Dear Amy: My boyfriend and I have been together for three years. We decided to make some major sacrifices in order to pay off debt and save for a house. This includes driving junky cars and moving in with his parents.
He and I were both working out with a personal trainer, him twice per week and me once per week.
I quit the training because I found a cheaper option. My boyfriend decided to start seeing the trainer three times per week. I think this is irresponsible considering we are in saving mode right now. This is why my boyfriend decided to cover it up and lie about it — badly.
I caught on pretty quickly, but rather than be accusatory, I simply told him that if he wants to see the trainer three times per week to not feel as though he has to hide it.
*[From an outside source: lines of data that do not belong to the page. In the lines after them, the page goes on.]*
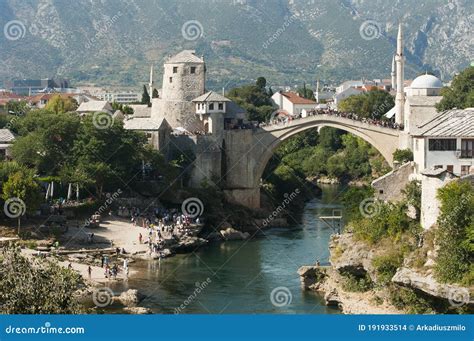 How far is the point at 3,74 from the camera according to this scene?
188375mm

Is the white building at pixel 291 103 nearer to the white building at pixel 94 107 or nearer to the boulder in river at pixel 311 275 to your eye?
the white building at pixel 94 107

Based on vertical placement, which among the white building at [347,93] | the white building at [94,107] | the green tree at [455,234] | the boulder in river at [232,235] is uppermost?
the white building at [347,93]

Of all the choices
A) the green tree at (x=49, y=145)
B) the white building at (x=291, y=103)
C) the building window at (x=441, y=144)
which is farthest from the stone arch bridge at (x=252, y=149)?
the white building at (x=291, y=103)

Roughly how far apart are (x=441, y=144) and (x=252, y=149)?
2768 cm

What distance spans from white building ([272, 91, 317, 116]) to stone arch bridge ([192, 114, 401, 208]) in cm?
4473

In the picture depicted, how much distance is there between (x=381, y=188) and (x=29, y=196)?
18380mm

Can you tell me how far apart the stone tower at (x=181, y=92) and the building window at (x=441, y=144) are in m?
27.8

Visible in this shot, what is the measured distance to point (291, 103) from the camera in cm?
11844

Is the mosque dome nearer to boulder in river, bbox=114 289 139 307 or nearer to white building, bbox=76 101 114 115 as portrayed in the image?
white building, bbox=76 101 114 115

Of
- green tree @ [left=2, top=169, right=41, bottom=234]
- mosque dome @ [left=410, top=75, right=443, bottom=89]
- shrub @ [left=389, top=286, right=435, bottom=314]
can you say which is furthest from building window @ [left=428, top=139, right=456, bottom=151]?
mosque dome @ [left=410, top=75, right=443, bottom=89]

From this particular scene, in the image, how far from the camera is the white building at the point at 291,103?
118m

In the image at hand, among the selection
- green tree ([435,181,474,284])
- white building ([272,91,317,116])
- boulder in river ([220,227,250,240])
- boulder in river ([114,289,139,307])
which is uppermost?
white building ([272,91,317,116])

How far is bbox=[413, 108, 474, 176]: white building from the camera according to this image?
1766 inches

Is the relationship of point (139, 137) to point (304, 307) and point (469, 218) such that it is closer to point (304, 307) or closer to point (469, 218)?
point (304, 307) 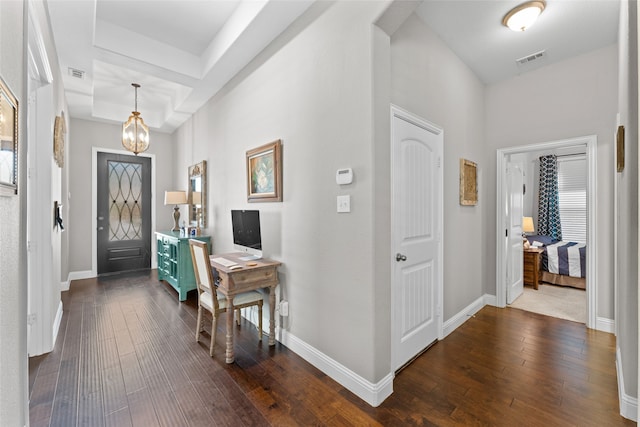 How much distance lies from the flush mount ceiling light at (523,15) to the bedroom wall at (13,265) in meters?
3.34

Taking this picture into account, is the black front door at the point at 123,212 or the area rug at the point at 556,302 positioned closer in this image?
the area rug at the point at 556,302

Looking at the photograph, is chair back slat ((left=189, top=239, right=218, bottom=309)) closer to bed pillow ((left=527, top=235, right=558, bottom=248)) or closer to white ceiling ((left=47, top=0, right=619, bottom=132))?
white ceiling ((left=47, top=0, right=619, bottom=132))

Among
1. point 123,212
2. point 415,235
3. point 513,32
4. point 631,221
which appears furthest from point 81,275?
point 513,32

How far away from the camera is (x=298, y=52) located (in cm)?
241

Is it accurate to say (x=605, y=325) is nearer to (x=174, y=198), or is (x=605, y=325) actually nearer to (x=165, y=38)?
(x=165, y=38)

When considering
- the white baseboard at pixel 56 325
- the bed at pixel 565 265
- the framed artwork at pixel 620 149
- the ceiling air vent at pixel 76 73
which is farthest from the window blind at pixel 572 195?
the ceiling air vent at pixel 76 73

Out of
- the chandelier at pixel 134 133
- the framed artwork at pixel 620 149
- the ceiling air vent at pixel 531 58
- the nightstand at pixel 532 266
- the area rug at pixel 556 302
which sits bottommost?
the area rug at pixel 556 302

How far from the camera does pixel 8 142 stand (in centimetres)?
114

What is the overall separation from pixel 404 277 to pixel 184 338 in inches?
85.2

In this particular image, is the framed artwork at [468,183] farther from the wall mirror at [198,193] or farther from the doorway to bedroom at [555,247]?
the wall mirror at [198,193]

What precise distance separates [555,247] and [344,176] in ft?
Answer: 14.7

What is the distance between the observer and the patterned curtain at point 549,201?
5910 millimetres

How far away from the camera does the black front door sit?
16.8 feet

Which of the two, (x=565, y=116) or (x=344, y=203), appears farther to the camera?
(x=565, y=116) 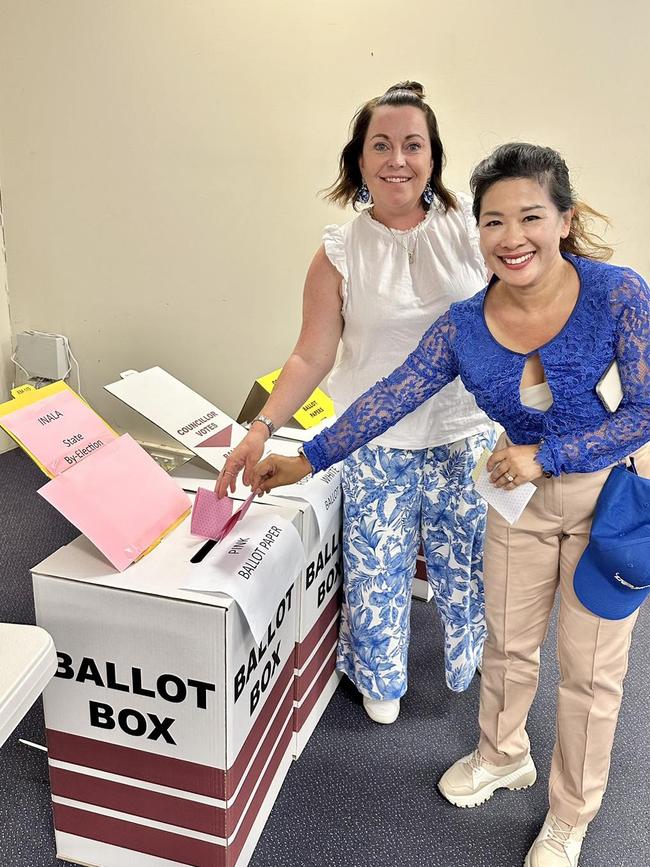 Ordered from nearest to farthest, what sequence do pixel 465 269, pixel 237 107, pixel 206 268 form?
1. pixel 465 269
2. pixel 237 107
3. pixel 206 268

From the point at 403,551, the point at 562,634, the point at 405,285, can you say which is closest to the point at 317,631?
the point at 403,551

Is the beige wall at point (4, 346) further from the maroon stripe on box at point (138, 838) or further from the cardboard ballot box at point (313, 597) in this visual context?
the maroon stripe on box at point (138, 838)

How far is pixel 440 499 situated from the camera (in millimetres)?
1648

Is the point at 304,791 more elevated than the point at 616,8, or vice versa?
the point at 616,8

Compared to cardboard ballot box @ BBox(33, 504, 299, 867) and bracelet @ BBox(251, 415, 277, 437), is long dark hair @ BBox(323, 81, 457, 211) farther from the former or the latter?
cardboard ballot box @ BBox(33, 504, 299, 867)

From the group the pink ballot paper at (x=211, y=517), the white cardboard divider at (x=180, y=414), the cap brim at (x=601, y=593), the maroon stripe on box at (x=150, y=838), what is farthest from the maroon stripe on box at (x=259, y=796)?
the cap brim at (x=601, y=593)

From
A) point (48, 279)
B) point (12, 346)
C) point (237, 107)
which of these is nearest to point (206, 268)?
point (237, 107)

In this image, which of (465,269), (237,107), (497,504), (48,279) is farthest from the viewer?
(48,279)

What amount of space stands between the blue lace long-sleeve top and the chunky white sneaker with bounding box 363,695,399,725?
854mm

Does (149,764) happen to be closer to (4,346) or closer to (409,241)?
(409,241)

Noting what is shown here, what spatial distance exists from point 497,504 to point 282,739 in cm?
74

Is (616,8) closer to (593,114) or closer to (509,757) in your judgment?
(593,114)

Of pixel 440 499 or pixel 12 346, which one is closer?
pixel 440 499

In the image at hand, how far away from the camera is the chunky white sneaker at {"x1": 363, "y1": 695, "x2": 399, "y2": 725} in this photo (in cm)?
181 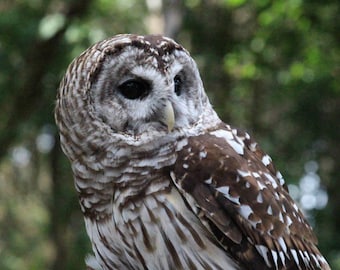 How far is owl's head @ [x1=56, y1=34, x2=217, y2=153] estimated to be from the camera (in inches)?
130

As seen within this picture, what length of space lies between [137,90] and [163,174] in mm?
434

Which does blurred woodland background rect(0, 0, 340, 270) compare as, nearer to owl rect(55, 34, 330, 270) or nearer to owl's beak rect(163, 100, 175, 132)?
owl rect(55, 34, 330, 270)

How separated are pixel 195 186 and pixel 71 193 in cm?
768

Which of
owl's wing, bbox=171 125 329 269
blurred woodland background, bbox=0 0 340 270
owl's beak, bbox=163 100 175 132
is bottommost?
blurred woodland background, bbox=0 0 340 270

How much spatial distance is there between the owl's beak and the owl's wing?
4.8 inches

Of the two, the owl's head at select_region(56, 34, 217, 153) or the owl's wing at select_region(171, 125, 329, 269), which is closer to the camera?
the owl's wing at select_region(171, 125, 329, 269)

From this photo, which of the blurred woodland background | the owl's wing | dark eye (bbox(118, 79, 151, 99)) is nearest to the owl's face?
dark eye (bbox(118, 79, 151, 99))

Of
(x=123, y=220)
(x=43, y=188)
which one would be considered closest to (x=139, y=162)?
(x=123, y=220)

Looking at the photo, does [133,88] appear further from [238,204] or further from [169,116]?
[238,204]

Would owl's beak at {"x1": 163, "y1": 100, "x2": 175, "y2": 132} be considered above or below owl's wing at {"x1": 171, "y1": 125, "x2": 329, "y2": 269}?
above

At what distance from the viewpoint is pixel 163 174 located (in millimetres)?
3209

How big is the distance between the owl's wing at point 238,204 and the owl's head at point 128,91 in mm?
211

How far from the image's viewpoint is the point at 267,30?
346 inches

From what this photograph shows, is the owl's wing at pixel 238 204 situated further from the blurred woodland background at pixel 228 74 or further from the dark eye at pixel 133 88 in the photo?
the blurred woodland background at pixel 228 74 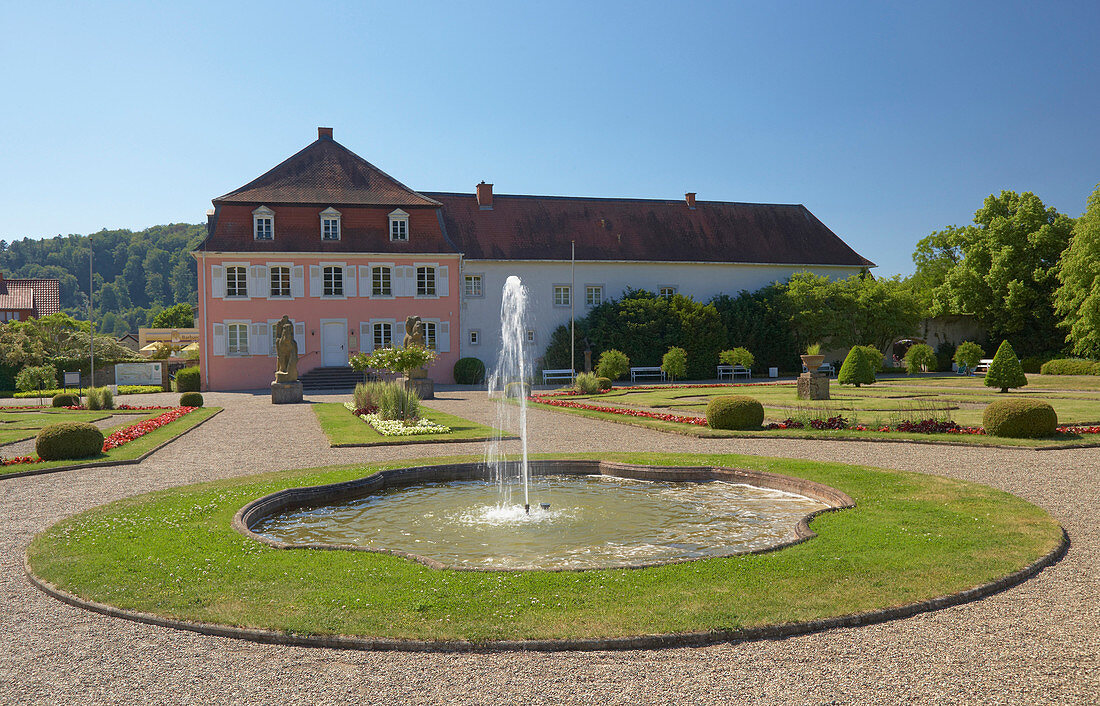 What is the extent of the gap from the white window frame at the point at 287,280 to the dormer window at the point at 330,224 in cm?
212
Even then, he continued to lie about his whereabouts.
Today, I found his gym clothes crumpled up and hidden. I confronted him, and he came clean.
Amy, I am really upset. He told me he was lying to protect my feelings. What?
Do I have a right to be upset? How can I trust him moving forward? Am I being controlling? As he said, it’s just the gym, after all, it’s not like he cheated on me. — Out of Shape
Dear Out of Shape: Your boyfriend sounds like a bit of a baby. You gave him an out, and instead of coming clean, he doubled down on his lie.
Honestly, taking good care of oneself and maintaining fitness is a good idea — even when you’re trying to economize. But your guy’s choice to watch you stop, while secretly increasing his training, is selfish and immature. He didn’t lie to protect your feelings; he lied to protect his own.
I don’t believe this one episode is a deal breaker, but try to put this in context by taking a long-view look at your relationship: Are you always in charge? Are you the “responsible” one? Do you feel like you are parenting him?
If so, then understand that this is not a great dynamic for either of you. Your control will infantilize him, and his immaturity will make you even more in charge. Healthy relationships have a sense of balance — you are good at some things. He is good at others. You take care of one another, admit to your mistakes and always strive to do better.
Dear Amy: I have two grown sons in their mid-30s. Both of my sons are users of smokeless tobacco (chaw).
They are well aware of my objection to their tobacco use.
I am a registered nurse of more than 30 years and know well the effects of long-term tobacco use. Two of their grandparents died of tobacco-related diseases. They are both educated, family men. They are aware that smoking is obnoxious to most people, hence their choice of “smokeless” tobacco.
Recently, we had an outdoor family gathering. While we were all seated around the fire, they both stuffed their cheeks with tobacco, then sat and expectorated into empty plastic water bottles. Finally, I said an early good night and left.
Honestly, the act of sitting around spitting brown expectorant into a bottle is just as obnoxious as smoking.
My wife, who feels the same but chooses to smile and ignore this, thinks it was rude of me to leave the group. She said I should “learn” to accept this and apologize. What do you think? — I Hate Tobacco
Dear I Hate Tobacco: It seems logical that the accepted “rules” applying to smoking also should apply to chaw. These men should consume their tobacco product away from non-tobacco users. I realize that there is no “second-hand” component toxicity to chewing tobacco, other than being grossed out by people filling cups with their spit.
Your wife can tolerate it — the same way some people will tolerate smoking. You won’t.
I agree with your choice to leave the group when you couldn’t take it anymore. Furthermore, you should explain yourself to your sons. You don’t owe them an apology.
Dear Amy: “On the Outs” was grieving the sudden loss of a work friendship.
I’m surprised that you didn’t mention possible false #metoo accusations as one reason this male colleague would back away from the close relationship. — Realistic
Dear Realistic: “On the Outs” didn’t mention their gender, and while I guess it’s possible that #metoo entered this workplace story, I think it’s doubtful.